Altro imputato è la tv. Questa la drammatica denuncia della «Settimana del Clero»: «Quando parliamo della moralità della tv non intendiamo riferirci solo alla sovrabbondanza delle scollature delle annunciatrici e delle relative vallette. Certi amplessi, con annessi sottintesi che anche i più ingenui non tardano a cogliere, ben poche famiglie italiane, anche quelle di manica larga, li permetterebbero nell’intimità delle pareti domestiche. L’immoralità non è solo nelle cianche [espressione scherzosa per denominare «gambe brutte», ndr] e nelle scapole delle ballerine folleggianti. Si esamini la produzione teatrale e cinematografica. All’infuori dell’amore sessuale non c’è altro da ammannire agli italiani dal teleschermo? Come non bastasse, la tv si premura di ammannire alle famiglie italiane tutta la mota che confluisce alle patrie galere e alle patrie questure. Il giovane che si affaccia alla vita, ricco di sogni e di ideali, che cosa dovrà dire e pensare di simile lordura?»  (16-3-1960).

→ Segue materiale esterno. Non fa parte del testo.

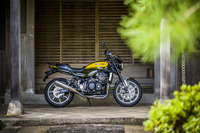 【東京モーターショー2017】カワサキBeyond Z：Z900RSイエローボール…Zマイスターが早くもカスタム 画像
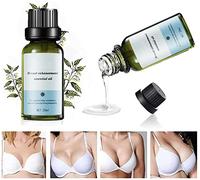 Olio essenziale di erbe busto, crema per il seno, olio essenziale rimpolpante al seno, olio essenziale per il sollevamento del seno, olio di siero anti-cedimento (1 pz)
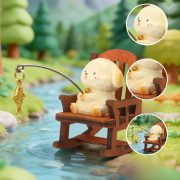 Creative Animal Fishing Chair Desk Decoration Stress Relief Car Craft Figurine Office Desktop Ornaments Wholesale - Image 4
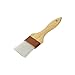 TrueCraftware â€“ 2â€ Nylon Bristles Flat Pastry Brush - Basting Brush with Wooden Handle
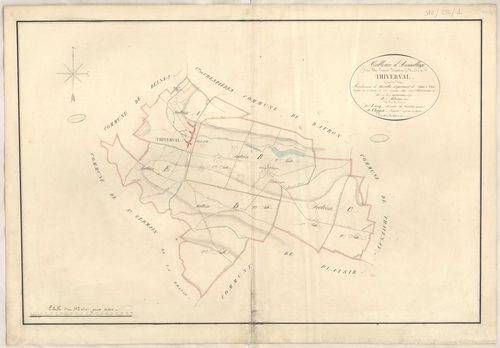 Thiverval-Grignon - Plans de la Préfecture de Seine-et-Oise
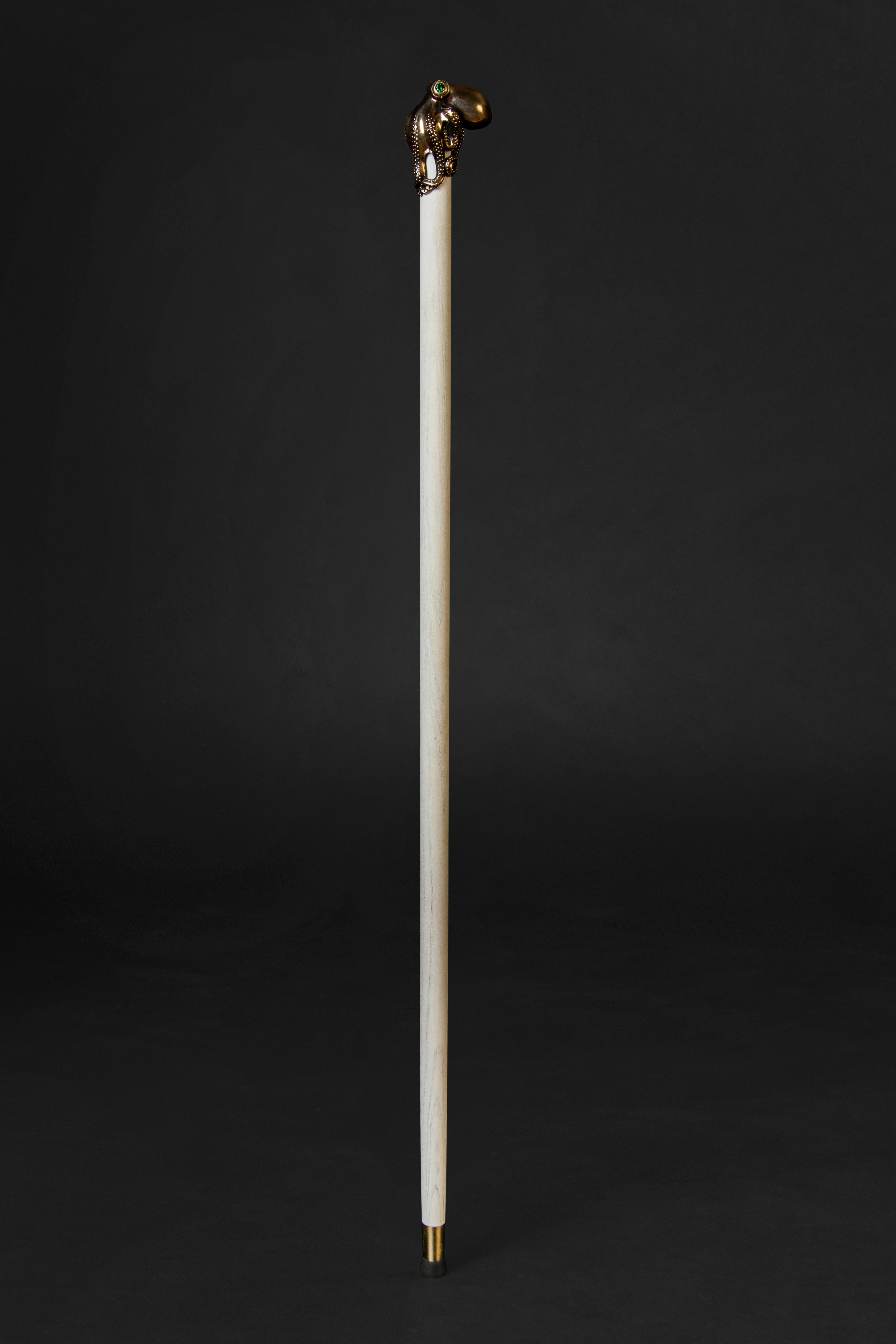 octopus handle walking cane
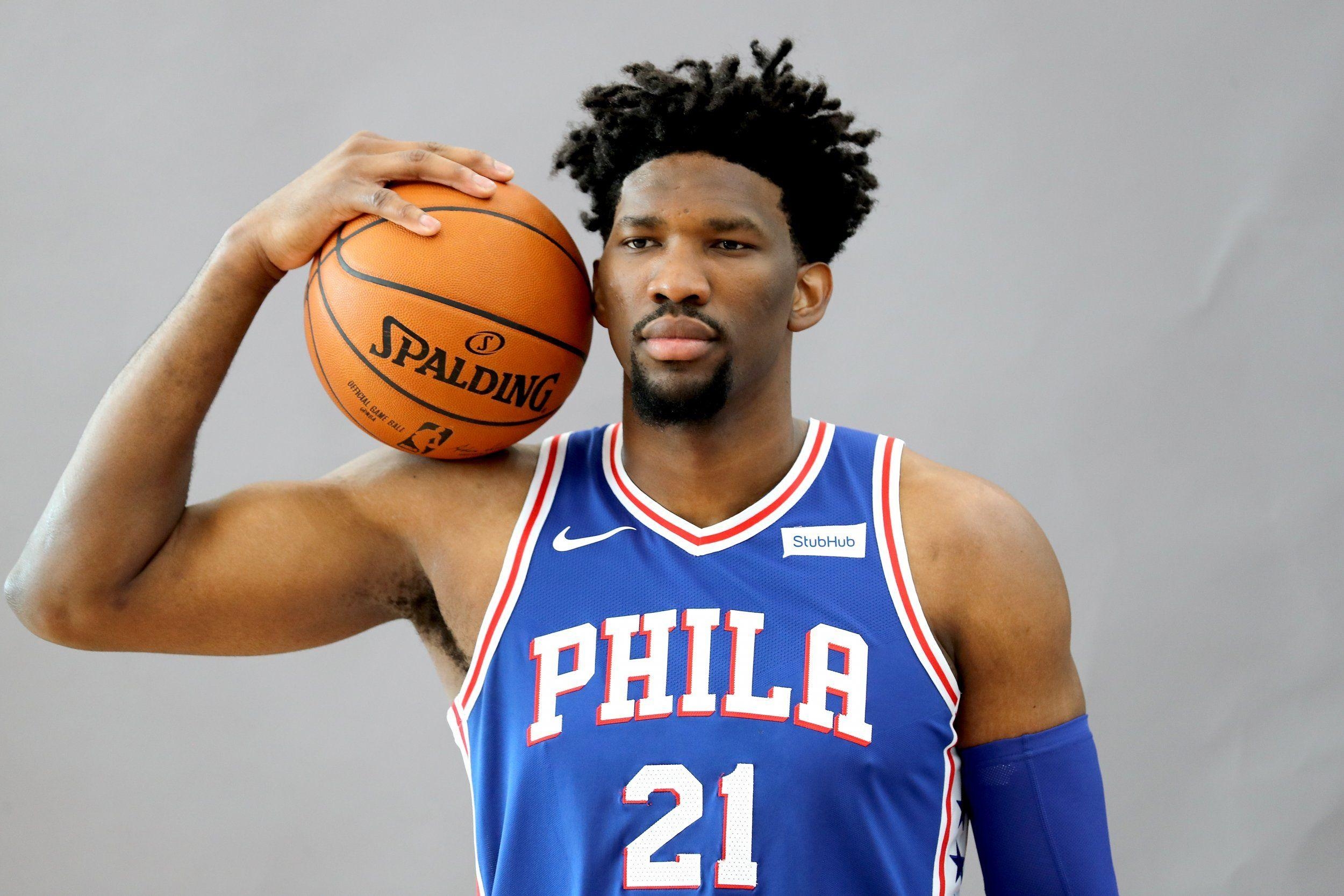 Joel Embiid, Philly, Sixers, Process, Spieler, 2500x1670 HD Desktop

Fortunatamente c’erano ancora persone serie. Una ragazza scrive a Specchio dei tempi presentandosi come «capricciosa, viziata, pigra e ineducata»; ma sta correggendosi grazie alle sadiche punizioni corporali inflittele dal suo patrigno: «Ho quasi sedici anni, frequento la prima liceo, ho un aspetto tutt’altro che infantile: tuttavia vengo ancora castigata nello stesso modo. Devo riconoscere però che la paura di meritare il castigo mi induce ad evitare il più possibile le cause che possono provocarlo. Ciò mi ha molto migliorata di carattere, studio con maggiore diligenza e, vincendo la mia naturale pigrizia, mi prodigo ad aiutare la mamma nelle faccende domestiche senza capriccio o scuse inconsistenti»  (5-2-1961).